[Start of section]

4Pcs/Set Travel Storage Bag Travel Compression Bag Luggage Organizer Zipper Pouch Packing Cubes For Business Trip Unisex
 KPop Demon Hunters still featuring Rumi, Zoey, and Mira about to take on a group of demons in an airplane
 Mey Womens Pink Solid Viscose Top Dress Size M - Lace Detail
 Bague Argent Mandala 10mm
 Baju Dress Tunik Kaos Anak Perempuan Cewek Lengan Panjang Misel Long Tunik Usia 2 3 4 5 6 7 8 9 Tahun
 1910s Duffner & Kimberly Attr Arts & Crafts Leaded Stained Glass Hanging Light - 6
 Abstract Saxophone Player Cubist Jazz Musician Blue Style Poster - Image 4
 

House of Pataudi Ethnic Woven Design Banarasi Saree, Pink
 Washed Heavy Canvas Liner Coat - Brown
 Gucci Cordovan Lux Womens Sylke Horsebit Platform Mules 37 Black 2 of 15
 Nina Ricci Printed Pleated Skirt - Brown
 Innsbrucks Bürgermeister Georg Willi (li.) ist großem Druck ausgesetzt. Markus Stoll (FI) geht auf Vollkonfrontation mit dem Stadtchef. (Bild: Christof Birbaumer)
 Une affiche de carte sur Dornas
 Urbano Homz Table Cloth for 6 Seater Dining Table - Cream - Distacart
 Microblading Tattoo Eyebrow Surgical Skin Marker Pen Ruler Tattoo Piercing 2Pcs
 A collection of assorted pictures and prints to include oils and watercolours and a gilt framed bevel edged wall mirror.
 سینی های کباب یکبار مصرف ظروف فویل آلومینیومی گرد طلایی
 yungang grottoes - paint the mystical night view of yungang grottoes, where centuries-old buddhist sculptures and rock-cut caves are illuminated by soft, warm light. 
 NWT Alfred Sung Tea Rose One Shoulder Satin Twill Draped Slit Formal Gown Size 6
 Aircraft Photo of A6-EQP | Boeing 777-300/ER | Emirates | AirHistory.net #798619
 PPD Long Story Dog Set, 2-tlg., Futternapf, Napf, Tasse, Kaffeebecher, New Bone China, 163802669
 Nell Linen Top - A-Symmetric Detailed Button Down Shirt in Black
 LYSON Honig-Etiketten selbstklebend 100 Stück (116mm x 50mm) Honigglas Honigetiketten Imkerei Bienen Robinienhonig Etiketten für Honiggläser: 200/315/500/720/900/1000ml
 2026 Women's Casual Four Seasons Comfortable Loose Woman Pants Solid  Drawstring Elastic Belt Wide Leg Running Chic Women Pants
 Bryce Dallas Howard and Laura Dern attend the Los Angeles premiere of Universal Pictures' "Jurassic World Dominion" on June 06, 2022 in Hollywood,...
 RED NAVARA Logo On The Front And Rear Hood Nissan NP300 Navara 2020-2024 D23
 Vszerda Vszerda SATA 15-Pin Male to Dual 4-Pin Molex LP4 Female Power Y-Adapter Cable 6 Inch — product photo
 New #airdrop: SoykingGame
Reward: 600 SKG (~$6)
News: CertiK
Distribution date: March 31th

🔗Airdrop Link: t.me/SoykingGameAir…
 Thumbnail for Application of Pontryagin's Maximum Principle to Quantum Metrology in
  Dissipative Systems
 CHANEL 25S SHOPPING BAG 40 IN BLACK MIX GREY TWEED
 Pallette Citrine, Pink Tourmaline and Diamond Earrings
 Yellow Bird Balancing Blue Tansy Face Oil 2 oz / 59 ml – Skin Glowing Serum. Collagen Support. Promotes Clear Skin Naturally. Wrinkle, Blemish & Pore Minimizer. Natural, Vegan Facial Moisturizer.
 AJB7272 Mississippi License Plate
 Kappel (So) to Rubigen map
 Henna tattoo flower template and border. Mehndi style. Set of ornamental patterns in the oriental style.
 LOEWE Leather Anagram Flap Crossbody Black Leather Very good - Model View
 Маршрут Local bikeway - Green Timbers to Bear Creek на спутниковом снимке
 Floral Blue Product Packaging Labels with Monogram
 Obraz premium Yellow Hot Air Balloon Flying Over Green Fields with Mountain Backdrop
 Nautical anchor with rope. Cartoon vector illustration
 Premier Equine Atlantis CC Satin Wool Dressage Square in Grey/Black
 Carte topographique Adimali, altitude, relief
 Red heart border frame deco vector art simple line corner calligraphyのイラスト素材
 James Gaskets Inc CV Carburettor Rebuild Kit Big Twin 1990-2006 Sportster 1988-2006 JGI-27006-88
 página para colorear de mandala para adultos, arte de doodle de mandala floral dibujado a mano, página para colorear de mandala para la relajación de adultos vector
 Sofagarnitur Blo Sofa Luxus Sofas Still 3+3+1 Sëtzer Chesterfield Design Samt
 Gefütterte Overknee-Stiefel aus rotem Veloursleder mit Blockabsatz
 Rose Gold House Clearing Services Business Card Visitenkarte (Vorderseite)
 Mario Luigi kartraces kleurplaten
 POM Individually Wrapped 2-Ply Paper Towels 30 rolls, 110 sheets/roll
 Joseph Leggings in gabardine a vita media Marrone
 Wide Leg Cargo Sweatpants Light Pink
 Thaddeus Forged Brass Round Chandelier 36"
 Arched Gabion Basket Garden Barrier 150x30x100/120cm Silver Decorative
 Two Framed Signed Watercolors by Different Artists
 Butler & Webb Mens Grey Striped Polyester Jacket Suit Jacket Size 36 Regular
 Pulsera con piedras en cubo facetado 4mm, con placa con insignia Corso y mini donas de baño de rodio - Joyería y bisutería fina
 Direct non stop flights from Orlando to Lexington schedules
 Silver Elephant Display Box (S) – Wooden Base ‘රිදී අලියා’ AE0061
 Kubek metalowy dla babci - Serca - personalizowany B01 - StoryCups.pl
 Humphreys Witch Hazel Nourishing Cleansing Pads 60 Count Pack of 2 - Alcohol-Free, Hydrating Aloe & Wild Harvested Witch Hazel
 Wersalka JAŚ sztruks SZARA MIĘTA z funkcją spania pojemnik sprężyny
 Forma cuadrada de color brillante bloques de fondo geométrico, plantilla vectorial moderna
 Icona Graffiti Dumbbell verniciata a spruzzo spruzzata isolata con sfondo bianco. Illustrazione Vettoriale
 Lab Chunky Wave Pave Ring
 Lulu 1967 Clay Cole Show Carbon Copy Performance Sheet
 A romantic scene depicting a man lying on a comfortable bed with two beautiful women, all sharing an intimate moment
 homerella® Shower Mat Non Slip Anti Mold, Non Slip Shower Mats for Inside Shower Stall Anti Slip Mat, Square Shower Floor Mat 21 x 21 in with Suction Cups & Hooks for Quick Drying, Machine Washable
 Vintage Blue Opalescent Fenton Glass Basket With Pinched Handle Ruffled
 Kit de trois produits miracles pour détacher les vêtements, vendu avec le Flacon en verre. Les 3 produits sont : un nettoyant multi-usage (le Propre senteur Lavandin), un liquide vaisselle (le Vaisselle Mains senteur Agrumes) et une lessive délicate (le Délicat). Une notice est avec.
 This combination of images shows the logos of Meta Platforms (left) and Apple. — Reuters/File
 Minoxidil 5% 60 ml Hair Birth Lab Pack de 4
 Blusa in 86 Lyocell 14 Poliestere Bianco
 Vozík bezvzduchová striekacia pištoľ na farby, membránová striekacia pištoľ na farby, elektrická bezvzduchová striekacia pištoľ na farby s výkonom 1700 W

[End of section]

▶ _Task details_: Answer with a single number: how many lines in the data above have the string "Size" in them?

▶ _Task result_: 3